## Work order
Only the stretch below from the line holding "БУЛОЧКА НЕ НАИГРАЕТСЯ С МОЕЙ РУКОЙ 🐯" through the line holding "Island apple snail" should be restated, word for word and with both ends included; pictures stay out.

## Given records

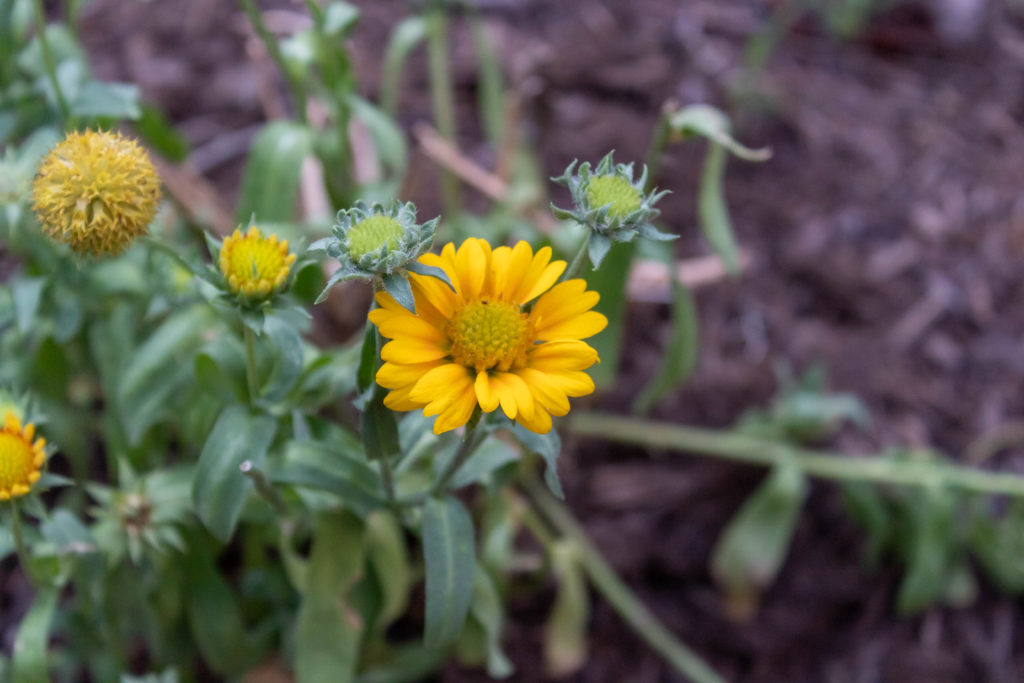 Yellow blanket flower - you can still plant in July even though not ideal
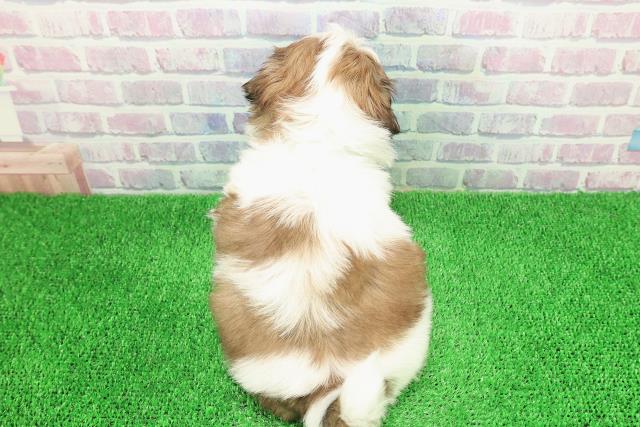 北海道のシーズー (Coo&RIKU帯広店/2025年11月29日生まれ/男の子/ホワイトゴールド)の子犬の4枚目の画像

* * *

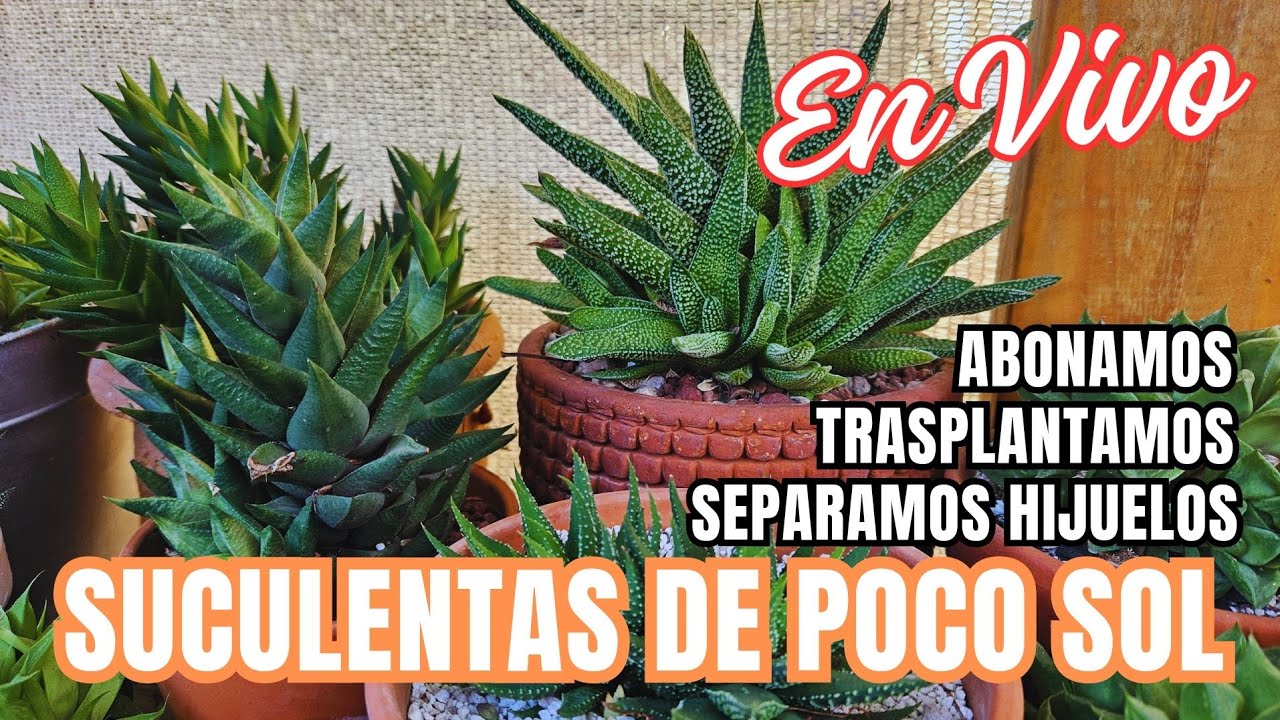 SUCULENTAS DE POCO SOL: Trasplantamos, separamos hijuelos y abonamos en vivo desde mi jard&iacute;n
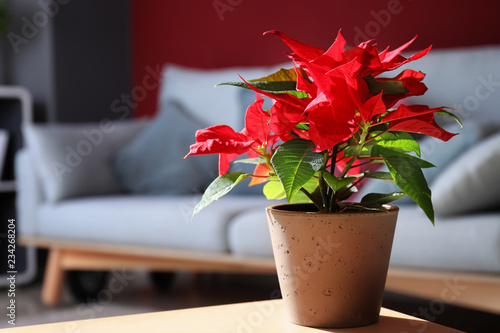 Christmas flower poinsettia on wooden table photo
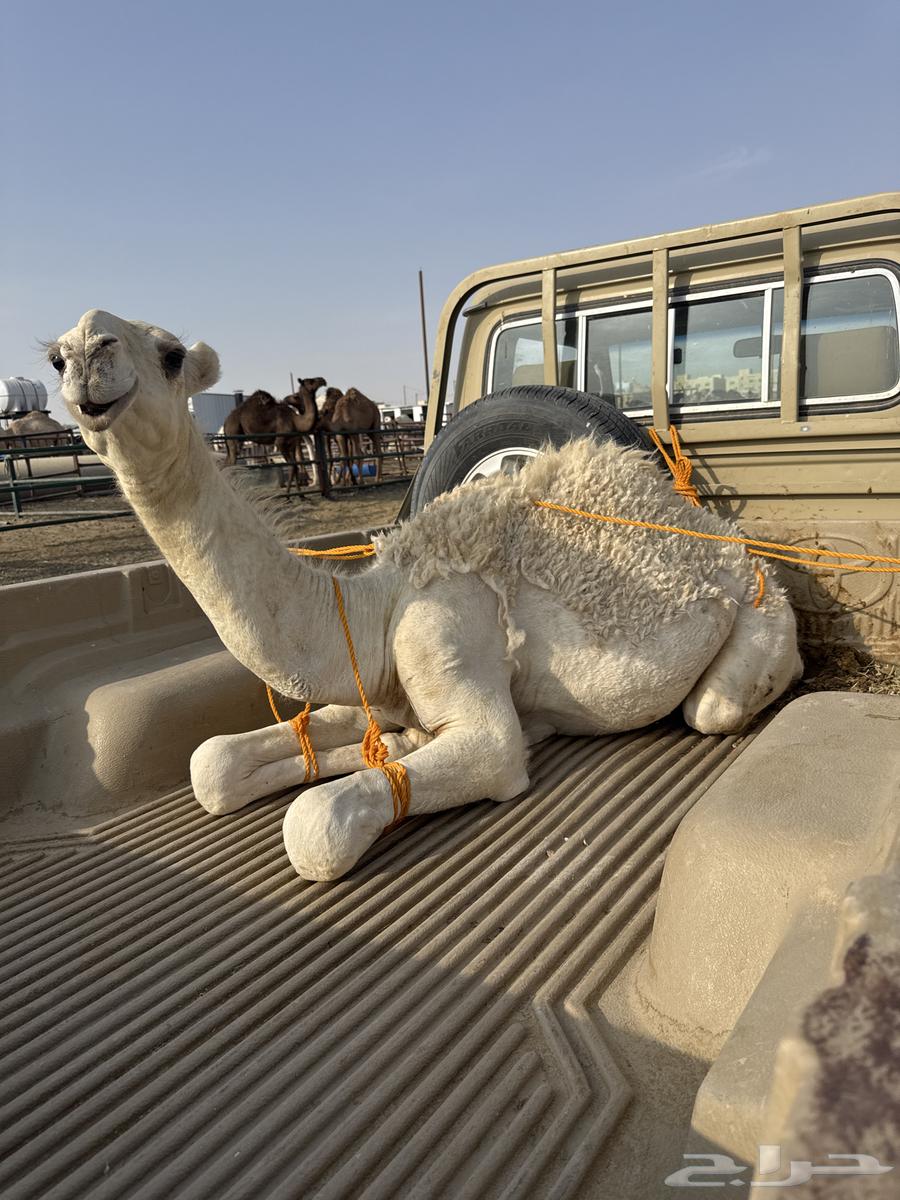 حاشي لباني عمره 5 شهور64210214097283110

==

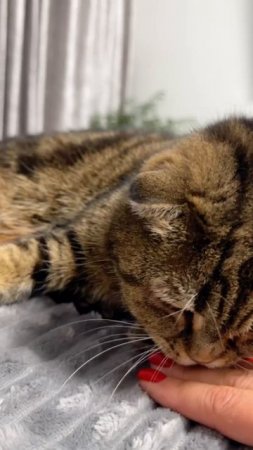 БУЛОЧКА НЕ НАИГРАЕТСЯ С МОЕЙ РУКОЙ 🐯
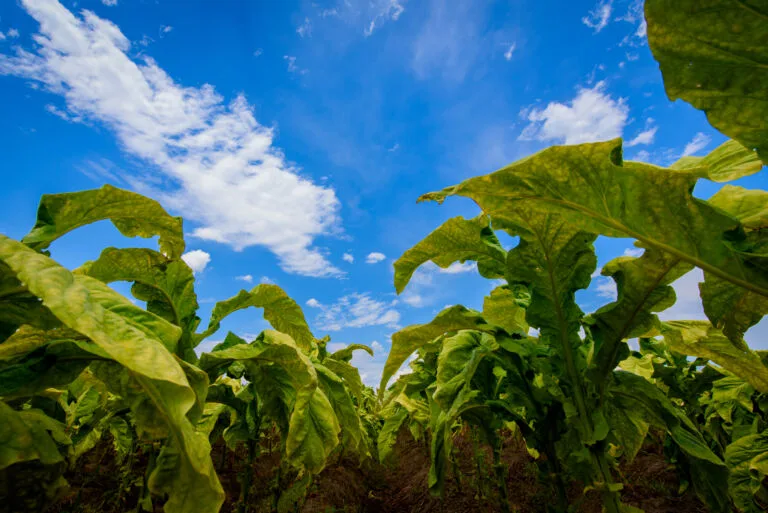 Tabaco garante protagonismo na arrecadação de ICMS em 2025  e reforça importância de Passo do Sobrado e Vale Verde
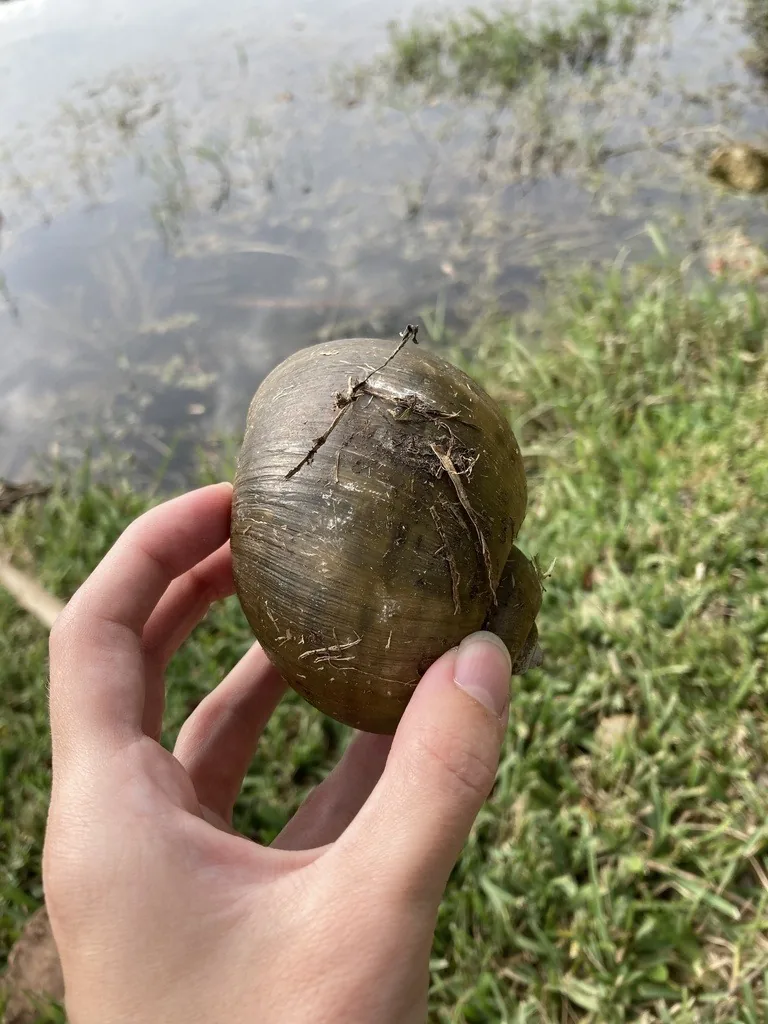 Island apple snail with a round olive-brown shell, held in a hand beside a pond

## Your solution
 БУЛОЧКА НЕ НАИГРАЕТСЯ С МОЕЙ РУКОЙ 🐯
 Tabaco garante protagonismo na arrecadação de ICMS em 2025  e reforça importância de Passo do Sobrado e Vale Verde
 Island apple snail with a round olive-brown shell, held in a hand beside a pond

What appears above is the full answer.